Does today call for a snowshoe or x-country ski adventure? I have learned that blazing my own trail in 18 inches of snow is awfully tiring. Why did I do this? Why not follow the compacted snow mobile trail? I tend to search for freedom and new experiences when sometimes staying in the tracks is much more enjoyable. It is the seeker within that takes me on life changing adventures, while also asking, “Does it have to be so hard?”
Winter is tough on the body, but also the mind. As I grudgingly dragged one foot in front of the other with snow up to my knees, I thought, “If I were a deer, I would be dead by now.” Coyotes fare well in snowy winters because their prey can’t run as fast in deep snow.
Fortunately, I did not have any predators chasing me, so I took the message as another one of winter’s ways telling me to slow down. Surrounding me were stunning views of branches weighed down by snow and clouds begging to be painted. For a brief moment, my rambling mind came to halt. I even forgot about the frustrating situation I got myself in to.

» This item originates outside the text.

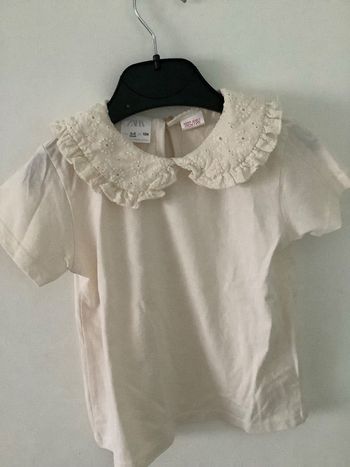 Tshirt Zara  Crème  4 ans  col claudine broderie Impeccable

When I was ready to continue my journey with more acceptance, my right snowshoe landed on the left and I lost balance. With no choice but to give into gravity, I toppled over. The tree line was horizontal in my vision and my pride forbid me from laughing. Frustration and anger replaced that brief moment of inner peace.
I let out a roaring scream. The kind that originates low in the belly becoming high pitched toward the end. Snow melting down my back and breathing heavily, I made my way toward the nearest trail. What a relief to be back on solid ground! Sometimes I have to get off track in order to really appreciate what I already have. And, thanks to the Plant World for Arnica!